++++ Dataset entries

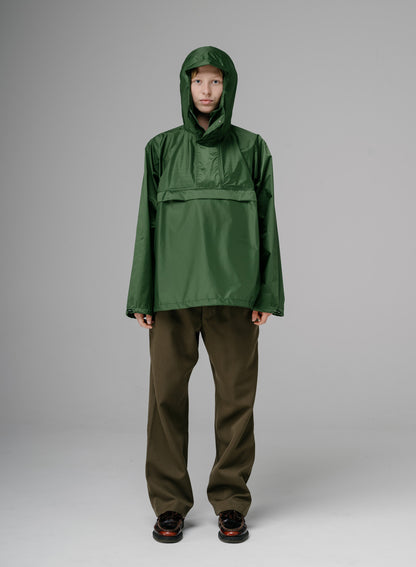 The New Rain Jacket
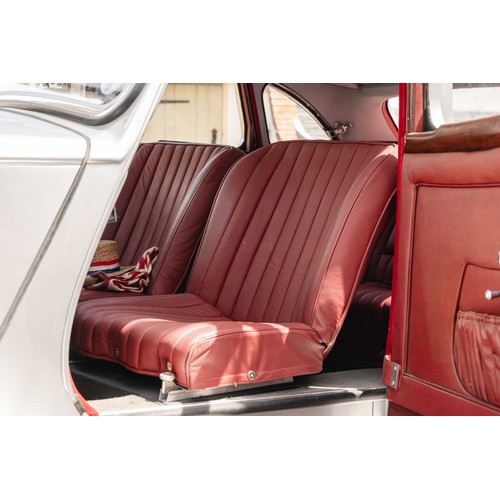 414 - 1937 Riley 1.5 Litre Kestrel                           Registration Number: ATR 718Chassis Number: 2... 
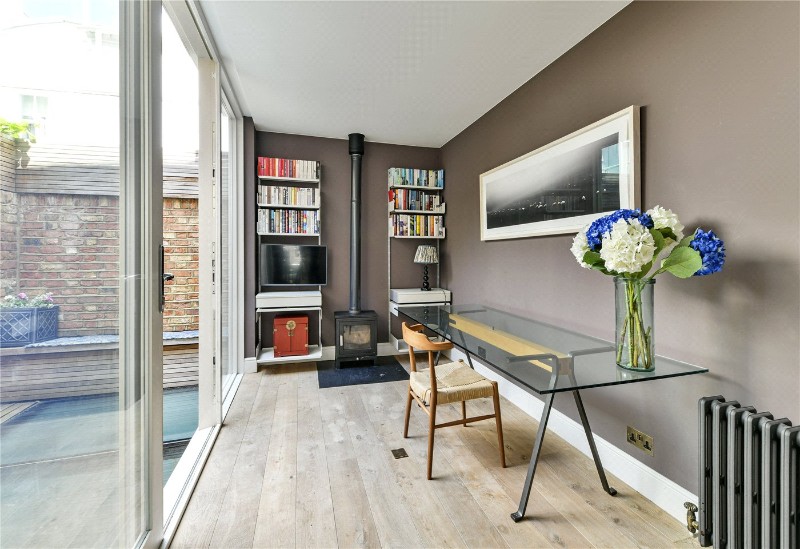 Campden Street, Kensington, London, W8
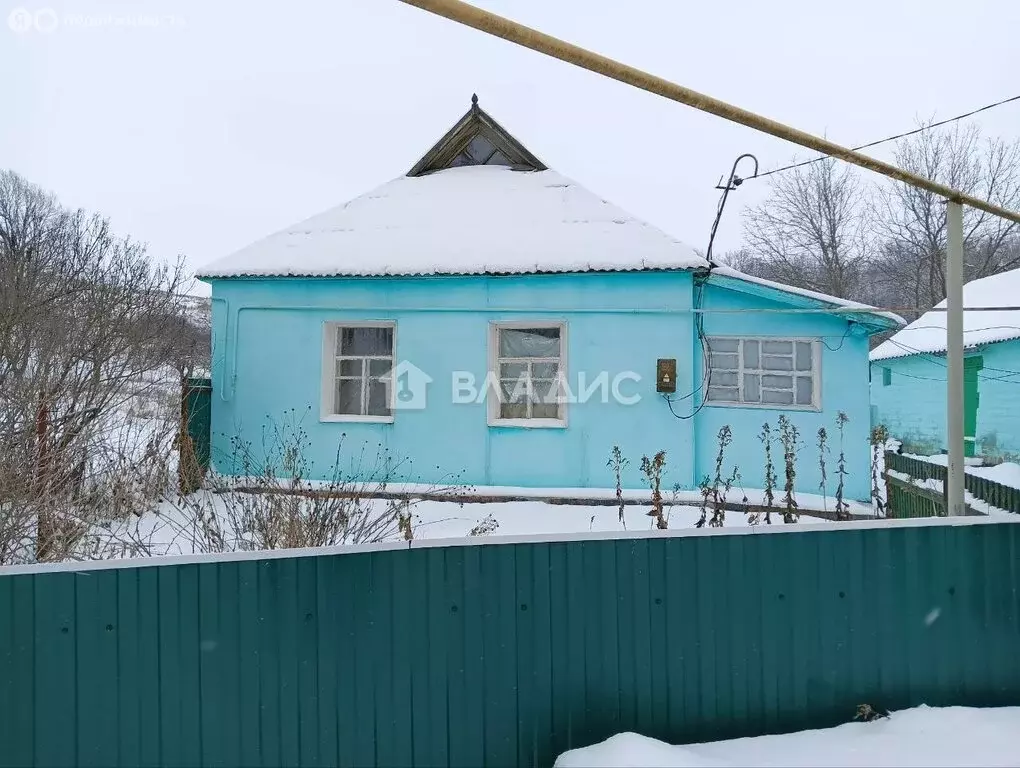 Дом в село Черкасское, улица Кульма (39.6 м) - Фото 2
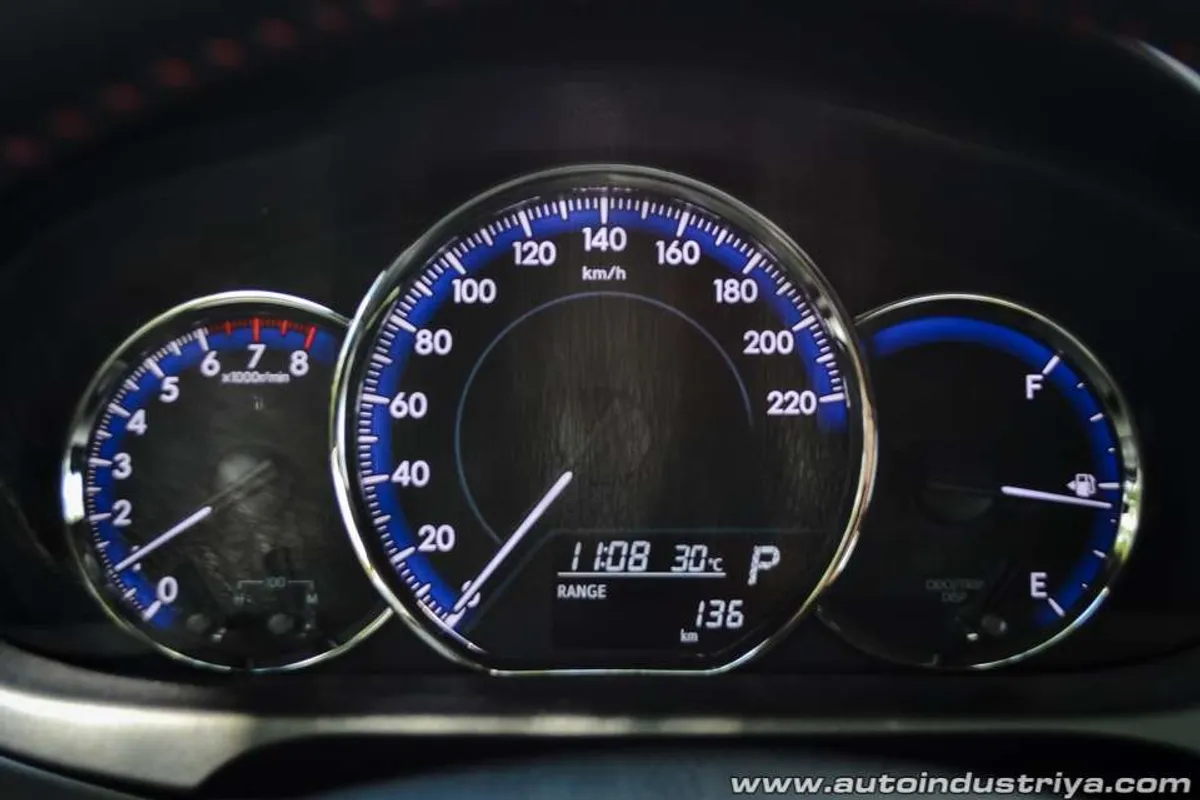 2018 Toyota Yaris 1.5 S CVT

++++++++
++++ Dataset entries

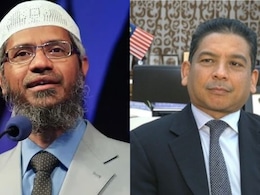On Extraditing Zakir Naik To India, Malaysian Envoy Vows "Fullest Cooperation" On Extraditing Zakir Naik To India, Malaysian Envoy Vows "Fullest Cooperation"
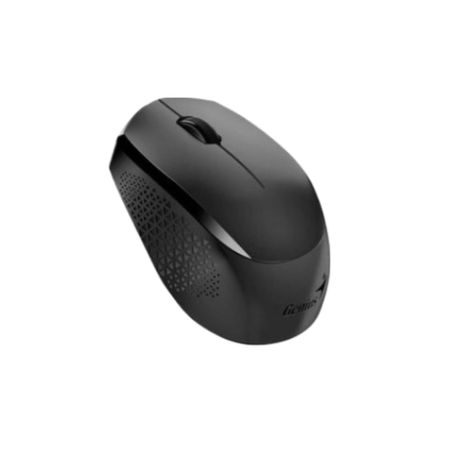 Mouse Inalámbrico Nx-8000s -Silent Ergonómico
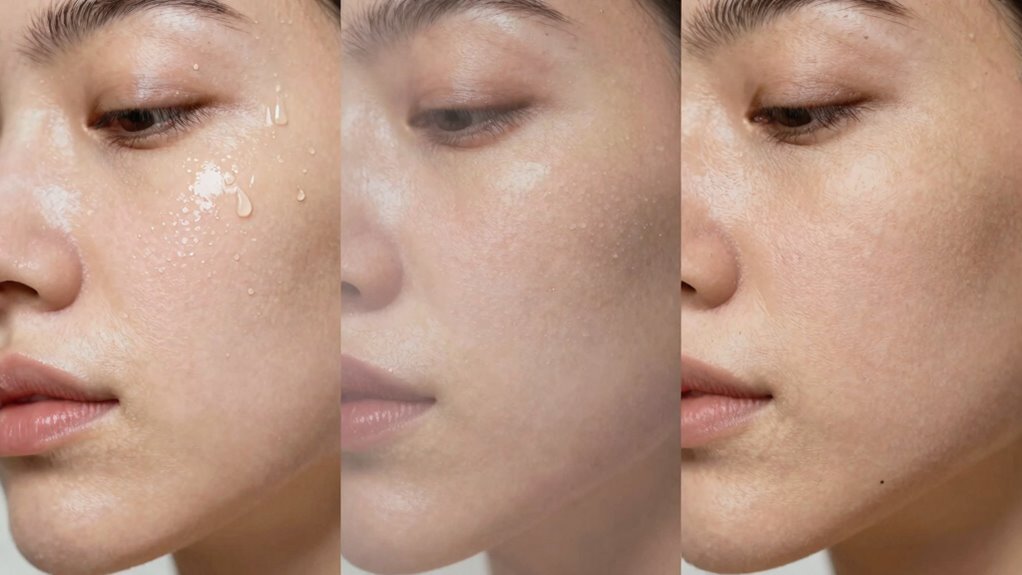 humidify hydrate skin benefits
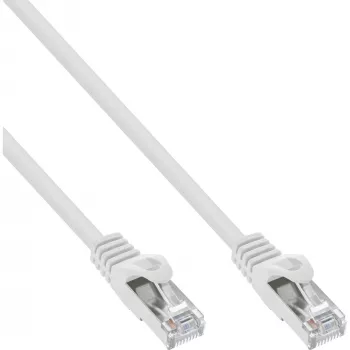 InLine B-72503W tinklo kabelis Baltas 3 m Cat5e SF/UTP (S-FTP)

++++++++

_Task description_
Find the line with "Campden Street, Kensington, London, W8" and the line with "2018 Toyota Yaris 1.5 S CVT" in the records above. Copy both and all lines between them exactly, without pictures.

_Task answer_
 Campden Street, Kensington, London, W8
 Дом в село Черкасское, улица Кульма (39.6 м) - Фото 2
 2018 Toyota Yaris 1.5 S CVT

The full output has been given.